### EXERCISE OBJECTIVE
Lines in the listing under this task are to be copied exactly.

### GIVEN RECORDS

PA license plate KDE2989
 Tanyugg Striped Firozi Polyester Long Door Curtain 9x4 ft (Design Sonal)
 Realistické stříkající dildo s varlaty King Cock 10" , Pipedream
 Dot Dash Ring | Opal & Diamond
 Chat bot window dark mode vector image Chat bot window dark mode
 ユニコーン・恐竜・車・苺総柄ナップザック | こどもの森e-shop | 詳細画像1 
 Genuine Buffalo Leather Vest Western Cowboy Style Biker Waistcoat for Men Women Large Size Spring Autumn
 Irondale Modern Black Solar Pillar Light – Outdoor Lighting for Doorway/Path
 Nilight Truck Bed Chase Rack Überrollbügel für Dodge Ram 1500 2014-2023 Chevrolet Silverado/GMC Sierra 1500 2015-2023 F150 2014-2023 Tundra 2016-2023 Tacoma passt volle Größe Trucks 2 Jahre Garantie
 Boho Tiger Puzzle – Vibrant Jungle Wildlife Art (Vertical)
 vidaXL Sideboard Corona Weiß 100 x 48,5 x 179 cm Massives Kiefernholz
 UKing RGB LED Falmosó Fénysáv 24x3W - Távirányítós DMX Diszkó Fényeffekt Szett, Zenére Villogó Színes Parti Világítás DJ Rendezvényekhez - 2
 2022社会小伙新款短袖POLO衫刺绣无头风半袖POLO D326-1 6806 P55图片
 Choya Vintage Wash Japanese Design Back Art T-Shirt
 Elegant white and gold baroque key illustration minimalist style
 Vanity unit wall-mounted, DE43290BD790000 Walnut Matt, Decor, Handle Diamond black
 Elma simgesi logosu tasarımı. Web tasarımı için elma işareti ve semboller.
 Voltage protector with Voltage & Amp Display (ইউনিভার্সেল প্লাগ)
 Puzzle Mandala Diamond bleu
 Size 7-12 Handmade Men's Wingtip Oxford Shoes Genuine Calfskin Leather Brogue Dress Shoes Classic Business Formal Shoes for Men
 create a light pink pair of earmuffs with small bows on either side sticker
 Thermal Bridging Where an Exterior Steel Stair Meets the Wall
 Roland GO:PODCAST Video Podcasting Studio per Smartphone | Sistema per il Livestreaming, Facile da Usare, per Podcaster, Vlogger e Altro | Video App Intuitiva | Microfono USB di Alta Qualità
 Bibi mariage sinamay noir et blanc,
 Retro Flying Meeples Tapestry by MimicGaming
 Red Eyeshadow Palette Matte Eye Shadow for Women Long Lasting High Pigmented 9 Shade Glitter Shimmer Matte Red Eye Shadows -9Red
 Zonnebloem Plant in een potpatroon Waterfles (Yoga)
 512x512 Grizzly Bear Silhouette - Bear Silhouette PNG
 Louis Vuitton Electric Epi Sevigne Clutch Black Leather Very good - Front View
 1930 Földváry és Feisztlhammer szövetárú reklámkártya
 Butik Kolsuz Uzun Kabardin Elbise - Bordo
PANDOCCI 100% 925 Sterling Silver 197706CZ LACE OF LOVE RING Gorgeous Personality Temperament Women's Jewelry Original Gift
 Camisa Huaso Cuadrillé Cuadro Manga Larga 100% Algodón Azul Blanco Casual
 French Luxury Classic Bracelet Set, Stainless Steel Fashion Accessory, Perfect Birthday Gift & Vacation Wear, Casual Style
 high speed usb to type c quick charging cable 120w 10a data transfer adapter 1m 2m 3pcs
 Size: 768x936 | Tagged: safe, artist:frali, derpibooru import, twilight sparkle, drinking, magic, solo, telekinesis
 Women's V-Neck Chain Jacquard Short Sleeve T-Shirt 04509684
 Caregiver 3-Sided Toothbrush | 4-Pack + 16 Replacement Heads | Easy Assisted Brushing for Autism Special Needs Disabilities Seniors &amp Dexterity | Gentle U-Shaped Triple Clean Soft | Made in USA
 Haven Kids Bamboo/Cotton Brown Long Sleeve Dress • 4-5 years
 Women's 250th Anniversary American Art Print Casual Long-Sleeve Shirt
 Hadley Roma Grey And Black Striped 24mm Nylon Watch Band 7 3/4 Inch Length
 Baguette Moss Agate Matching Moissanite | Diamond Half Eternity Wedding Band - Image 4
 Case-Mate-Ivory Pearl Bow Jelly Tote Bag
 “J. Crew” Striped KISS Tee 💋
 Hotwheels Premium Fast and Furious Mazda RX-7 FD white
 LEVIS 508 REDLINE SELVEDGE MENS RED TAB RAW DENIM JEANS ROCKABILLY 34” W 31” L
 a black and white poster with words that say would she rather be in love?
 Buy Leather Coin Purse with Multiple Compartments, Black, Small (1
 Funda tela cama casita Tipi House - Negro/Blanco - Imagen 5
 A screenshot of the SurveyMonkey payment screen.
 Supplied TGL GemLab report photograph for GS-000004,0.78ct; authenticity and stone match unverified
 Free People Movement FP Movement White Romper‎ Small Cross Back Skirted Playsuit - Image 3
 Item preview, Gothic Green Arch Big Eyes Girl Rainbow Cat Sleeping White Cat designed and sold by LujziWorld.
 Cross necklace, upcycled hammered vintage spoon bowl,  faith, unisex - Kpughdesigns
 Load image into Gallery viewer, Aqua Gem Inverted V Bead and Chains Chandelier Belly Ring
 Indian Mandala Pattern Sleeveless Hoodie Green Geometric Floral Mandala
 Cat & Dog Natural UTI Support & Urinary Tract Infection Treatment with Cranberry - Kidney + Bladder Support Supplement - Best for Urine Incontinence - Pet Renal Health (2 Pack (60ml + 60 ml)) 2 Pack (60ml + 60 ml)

### OUTPUT
PA license plate KDE2989
 Tanyugg Striped Firozi Polyester Long Door Curtain 9x4 ft (Design Sonal)
 Realistické stříkající dildo s varlaty King Cock 10" , Pipedream
 Dot Dash Ring | Opal & Diamond
 Chat bot window dark mode vector image Chat bot window dark mode
 ユニコーン・恐竜・車・苺総柄ナップザック | こどもの森e-shop | 詳細画像1 
 Genuine Buffalo Leather Vest Western Cowboy Style Biker Waistcoat for Men Women Large Size Spring Autumn
 Irondale Modern Black Solar Pillar Light – Outdoor Lighting for Doorway/Path
 Nilight Truck Bed Chase Rack Überrollbügel für Dodge Ram 1500 2014-2023 Chevrolet Silverado/GMC Sierra 1500 2015-2023 F150 2014-2023 Tundra 2016-2023 Tacoma passt volle Größe Trucks 2 Jahre Garantie
 Boho Tiger Puzzle – Vibrant Jungle Wildlife Art (Vertical)
 vidaXL Sideboard Corona Weiß 100 x 48,5 x 179 cm Massives Kiefernholz
 UKing RGB LED Falmosó Fénysáv 24x3W - Távirányítós DMX Diszkó Fényeffekt Szett, Zenére Villogó Színes Parti Világítás DJ Rendezvényekhez - 2
 2022社会小伙新款短袖POLO衫刺绣无头风半袖POLO D326-1 6806 P55图片
 Choya Vintage Wash Japanese Design Back Art T-Shirt
 Elegant white and gold baroque key illustration minimalist style
 Vanity unit wall-mounted, DE43290BD790000 Walnut Matt, Decor, Handle Diamond black
 Elma simgesi logosu tasarımı. Web tasarımı için elma işareti ve semboller.
 Voltage protector with Voltage & Amp Display (ইউনিভার্সেল প্লাগ)
 Puzzle Mandala Diamond bleu
 Size 7-12 Handmade Men's Wingtip Oxford Shoes Genuine Calfskin Leather Brogue Dress Shoes Classic Business Formal Shoes for Men
 create a light pink pair of earmuffs with small bows on either side sticker
 Thermal Bridging Where an Exterior Steel Stair Meets the Wall
 Roland GO:PODCAST Video Podcasting Studio per Smartphone | Sistema per il Livestreaming, Facile da Usare, per Podcaster, Vlogger e Altro | Video App Intuitiva | Microfono USB di Alta Qualità
 Bibi mariage sinamay noir et blanc,
 Retro Flying Meeples Tapestry by MimicGaming
 Red Eyeshadow Palette Matte Eye Shadow for Women Long Lasting High Pigmented 9 Shade Glitter Shimmer Matte Red Eye Shadows -9Red
 Zonnebloem Plant in een potpatroon Waterfles (Yoga)
 512x512 Grizzly Bear Silhouette - Bear Silhouette PNG
 Louis Vuitton Electric Epi Sevigne Clutch Black Leather Very good - Front View
 1930 Földváry és Feisztlhammer szövetárú reklámkártya
 Butik Kolsuz Uzun Kabardin Elbise - Bordo
PANDOCCI 100% 925 Sterling Silver 197706CZ LACE OF LOVE RING Gorgeous Personality Temperament Women's Jewelry Original Gift
 Camisa Huaso Cuadrillé Cuadro Manga Larga 100% Algodón Azul Blanco Casual
 French Luxury Classic Bracelet Set, Stainless Steel Fashion Accessory, Perfect Birthday Gift & Vacation Wear, Casual Style
 high speed usb to type c quick charging cable 120w 10a data transfer adapter 1m 2m 3pcs
 Size: 768x936 | Tagged: safe, artist:frali, derpibooru import, twilight sparkle, drinking, magic, solo, telekinesis
 Women's V-Neck Chain Jacquard Short Sleeve T-Shirt 04509684
 Caregiver 3-Sided Toothbrush | 4-Pack + 16 Replacement Heads | Easy Assisted Brushing for Autism Special Needs Disabilities Seniors &amp Dexterity | Gentle U-Shaped Triple Clean Soft | Made in USA
 Haven Kids Bamboo/Cotton Brown Long Sleeve Dress • 4-5 years
 Women's 250th Anniversary American Art Print Casual Long-Sleeve Shirt
 Hadley Roma Grey And Black Striped 24mm Nylon Watch Band 7 3/4 Inch Length
 Baguette Moss Agate Matching Moissanite | Diamond Half Eternity Wedding Band - Image 4
 Case-Mate-Ivory Pearl Bow Jelly Tote Bag
 “J. Crew” Striped KISS Tee 💋
 Hotwheels Premium Fast and Furious Mazda RX-7 FD white
 LEVIS 508 REDLINE SELVEDGE MENS RED TAB RAW DENIM JEANS ROCKABILLY 34” W 31” L
 a black and white poster with words that say would she rather be in love?
 Buy Leather Coin Purse with Multiple Compartments, Black, Small (1
 Funda tela cama casita Tipi House - Negro/Blanco - Imagen 5
 A screenshot of the SurveyMonkey payment screen.
 Supplied TGL GemLab report photograph for GS-000004,0.78ct; authenticity and stone match unverified
 Free People Movement FP Movement White Romper‎ Small Cross Back Skirted Playsuit - Image 3
 Item preview, Gothic Green Arch Big Eyes Girl Rainbow Cat Sleeping White Cat designed and sold by LujziWorld.
 Cross necklace, upcycled hammered vintage spoon bowl,  faith, unisex - Kpughdesigns
 Load image into Gallery viewer, Aqua Gem Inverted V Bead and Chains Chandelier Belly Ring
 Indian Mandala Pattern Sleeveless Hoodie Green Geometric Floral Mandala
 Cat & Dog Natural UTI Support & Urinary Tract Infection Treatment with Cranberry - Kidney + Bladder Support Supplement - Best for Urine Incontinence - Pet Renal Health (2 Pack (60ml + 60 ml)) 2 Pack (60ml + 60 ml)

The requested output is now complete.